Pero el saqueo de las arcas públicas no era un hecho sin trama, tenía su contexto, iba de la mano de la gran afluencia de dinero y del dispendio de muchos responsables de la administración: construcción de aeropuertos inútiles, edificaciones de centros culturales y ciudades de la cultura megalomaníacos, levantamientos de estadios imperiales jamás llenos, puertos inacabables, trazados de AVE para usuarios fantasmas. Delirio fruto de la demagogia, el populismo y la jactancia del electo de turno.
Al expolio de lo público vino a sumarse la crisis. Esa crisis de la que nos dicen, muchos de los que han malgastado, han robado o han sido testigos del hurto, que somos responsables. No hay dinero, nos explican con tono reprobatorio, como si nos lo hubiéramos tragado nosotros, el pueblo, la plebe como se dice. Hemos llegado a enterarnos que vivíamos de prestado, que el dinero que creíamos tener era una falacia, y así nos hemos percatado de que todas las facilidades de los bancos, solícitos para conceder préstamos, con el fin de poder comprar el último coche, tener la mejor segunda residencia cuando aún estaba sin pagar la primera, hacer el mejor viaje, etcétera, eran una trampa. El banco amigo, dejó de serlo.
Nos pusimos al corriente de órganos y operaciones financieras que nos resultaban ajenas e incomprensibles. Empezamos a observar los movimientos de la bolsa. La economía como noticia lo nublaba todo. Aparecieron, o se nos hicieron presentes, los mercados, las agencias de calificación, la prima de riesgo.
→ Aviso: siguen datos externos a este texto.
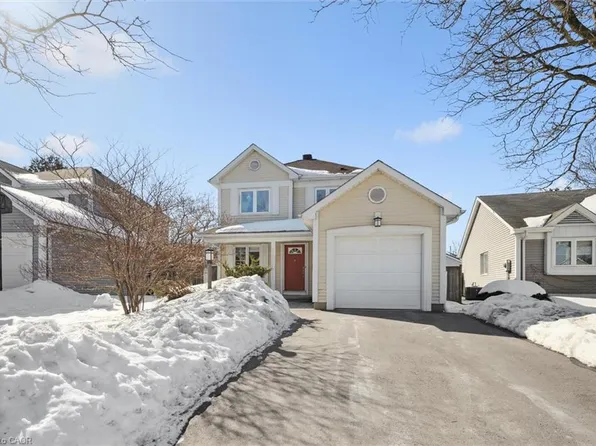 536 Westvale Dr, Waterloo, ON N2T 2B7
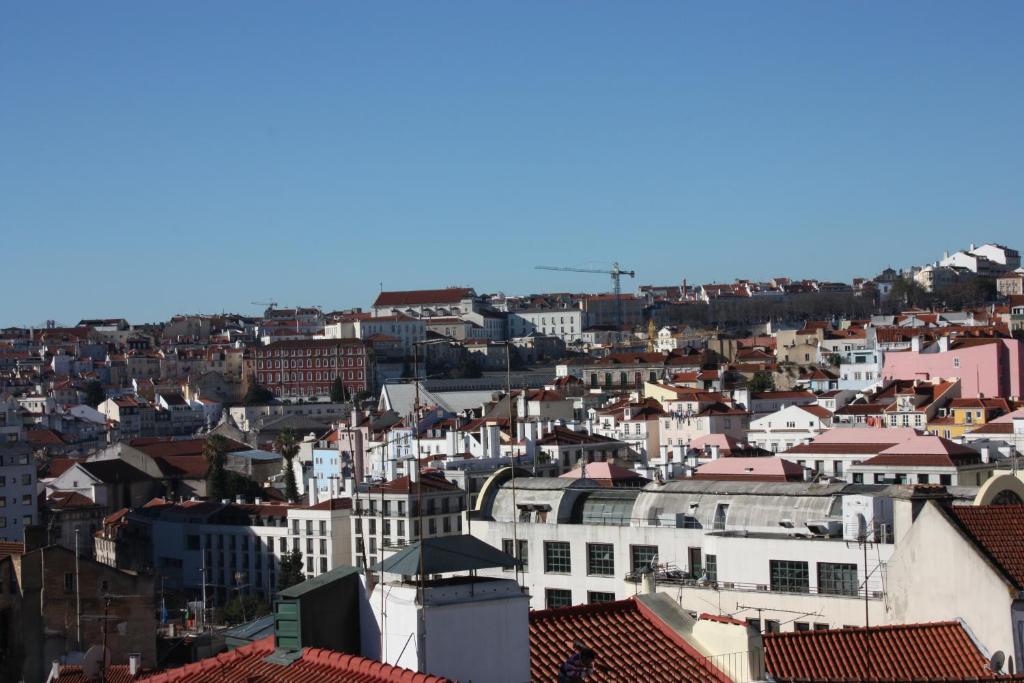 リスボンにあるCastle View Mouraria - 6 personsの建物のある街並み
Y ahora seguimos el rastro casi diario del engendro Merkozy. Y ello sin ninguna vocación.
Tanta atención nos ha llevado a comprender lo que no nos interesaba saber. No por pereza intelectual sino tal vez por resistencia inconsciente. Un día te enteras de una cosa y otro de otra y con esa especie de saber acumulativo e inservible adviertes que las agencias de calificación, cuyas decisiones tanto preocupan a todo el orbe, son lo mismo que la industria financiera. Esas agencias calificadoras de la deuda o la solvencia de los países, que tanto pueden afectar a nuestra vida por más lejanas que nos parezcan, resultaron ser propiedad de los mismos amos de las empresas financieras que compran tal deuda, de modo que adquieren el producto a la vez que ponen el precio. Sí o sí. Sólo vale su propia ley.
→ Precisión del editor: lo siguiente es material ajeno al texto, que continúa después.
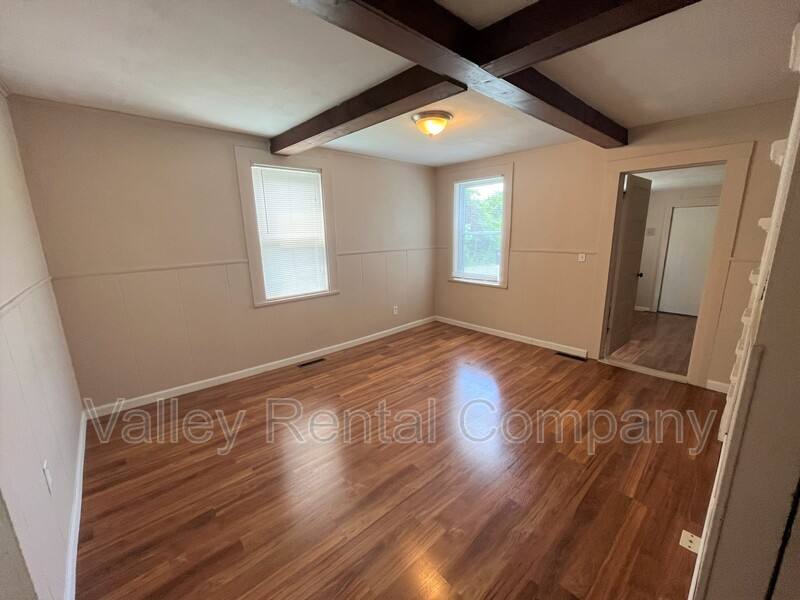 Apartment for rent at 46 Old Amherst Rd #4, Sunderland, MA 01375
Cabe preguntarse por ese gigantesco poder que tiene la capacidad de crear una crisis financiera global y poner a un continente entero a sus pies, un poder ante el que claudican las naciones más poderosas y al que los políticos más avezados no se atreven a regular, dejándonos al socaire de una ley impuesta por unos pocos, gente con nombre y apellidos, una ley arbitraria, salvaje, despótica. Un poder y una ley que impone gobiernos a los que instruye, barriendo la soberanía popular, de forma que la democracia parece un simulacro, una ficción, el maquillaje de una realidad autocrática que hasta ahora no podíamos ver. Y de esta realidad sólo nos puede sacar -es lo que habría que esperar y exigir- la política, imponiendo la autoridad de los Estados a la explotación financiera.
Así, se impone la idea que lo que conocemos como el estado del bienestar, las conquistas sociales, todo eso que en este momento está siendo derribado por mor de los mercados, no ha sido sino una concesión, una especie de consentimiento del gran capital al extinto tiempo de las ideologías y de los valores que aglutinaban a gran parte de la humanidad y que funcionaba como contención, puesto que el dinero no era el gran y único valor.
Este capitalismo feroz, que ha hecho creer a tantos que eran ricos o que podrían serlo, que empuja al consumo, es el mismo que ahora, en flagrante contradicción, exige el ayuno y la privación de aquello que creíamos tener. Es el capitalismo que empobrece y que convoca, o sería más preciso decir produce, al proletario, al proletario en su sentido antiguo, romano, aquel que sólo cuenta con su cuerpo y con su prole como único patrimonio.